* **Exercise description**: In the material below, find the line with "Veja abaixo as" and the line with "Antiviral research in the laboratory". Output exactly those two lines and all lines between them, leaving out pictures.

* **Entries supplied**:
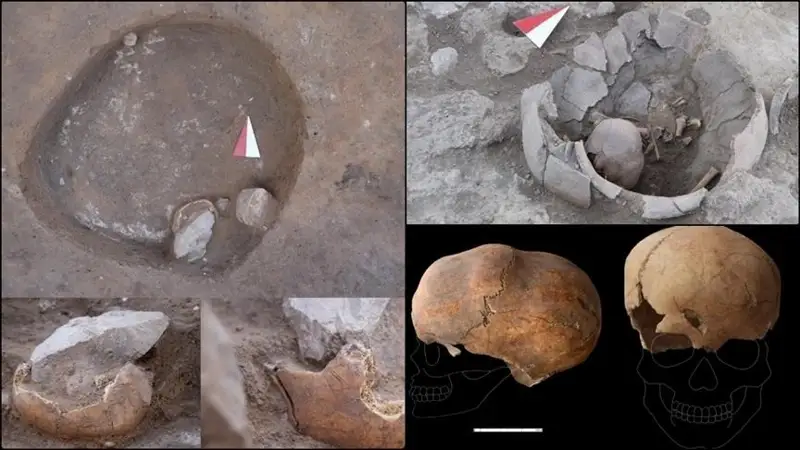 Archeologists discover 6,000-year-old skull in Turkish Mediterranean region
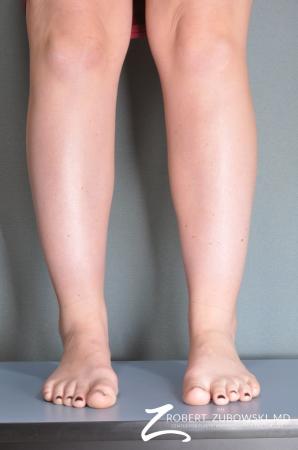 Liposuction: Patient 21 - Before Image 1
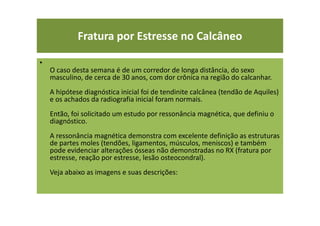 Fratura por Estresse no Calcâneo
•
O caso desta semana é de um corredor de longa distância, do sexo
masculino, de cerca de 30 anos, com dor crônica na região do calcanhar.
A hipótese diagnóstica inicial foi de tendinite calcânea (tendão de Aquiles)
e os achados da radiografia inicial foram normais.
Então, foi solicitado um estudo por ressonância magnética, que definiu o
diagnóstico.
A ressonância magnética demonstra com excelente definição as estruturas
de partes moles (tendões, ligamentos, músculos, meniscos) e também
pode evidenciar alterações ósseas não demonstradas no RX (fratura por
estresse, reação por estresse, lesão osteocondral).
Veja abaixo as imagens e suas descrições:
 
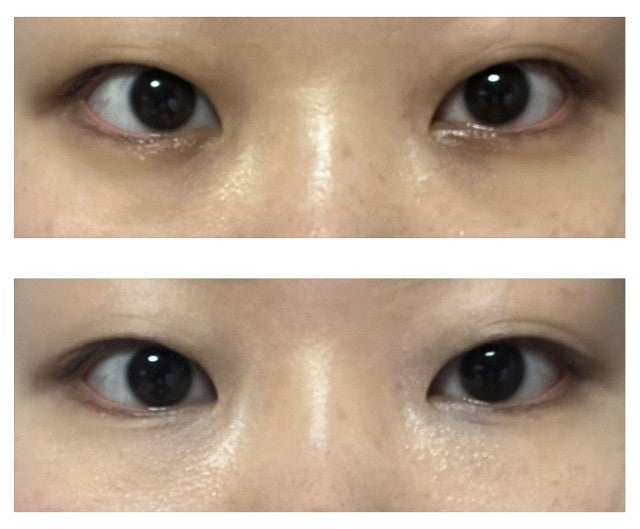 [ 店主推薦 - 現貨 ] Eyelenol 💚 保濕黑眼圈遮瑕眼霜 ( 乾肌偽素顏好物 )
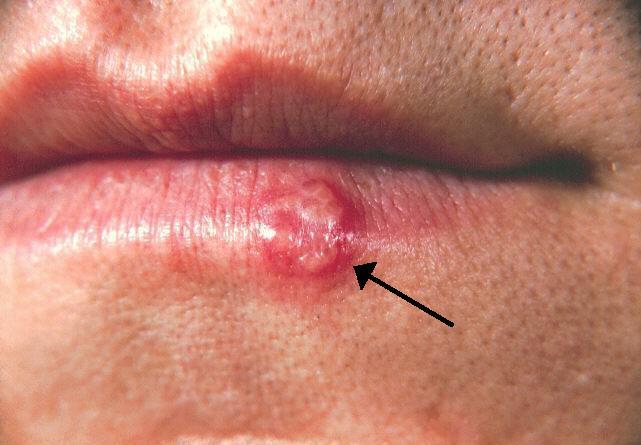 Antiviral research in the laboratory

--

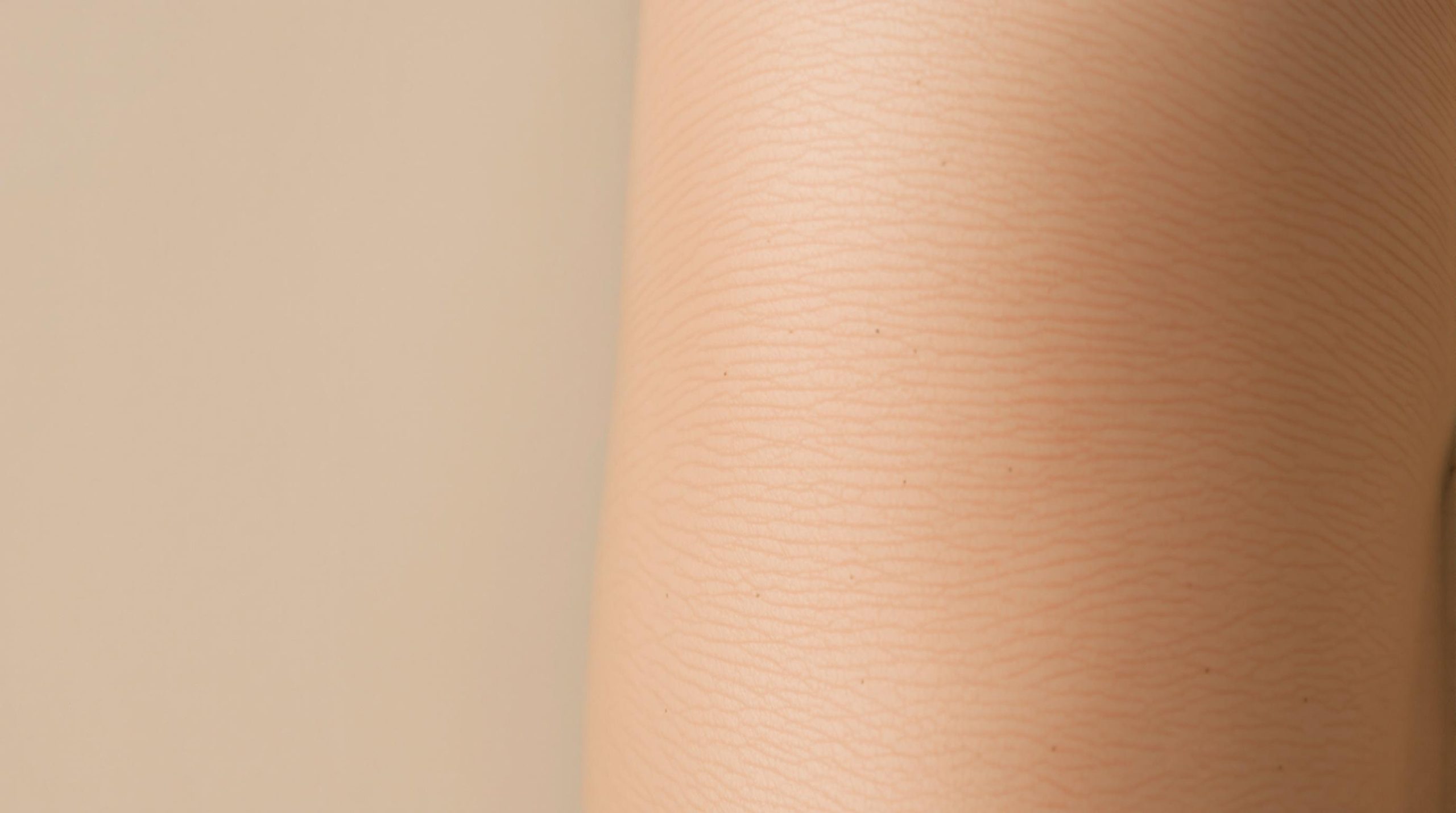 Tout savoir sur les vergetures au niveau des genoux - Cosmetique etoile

* **Your solution**:
Veja abaixo as imagens e suas descrições:
 
 [ 店主推薦 - 現貨 ] Eyelenol 💚 保濕黑眼圈遮瑕眼霜 ( 乾肌偽素顏好物 )
 Antiviral research in the laboratory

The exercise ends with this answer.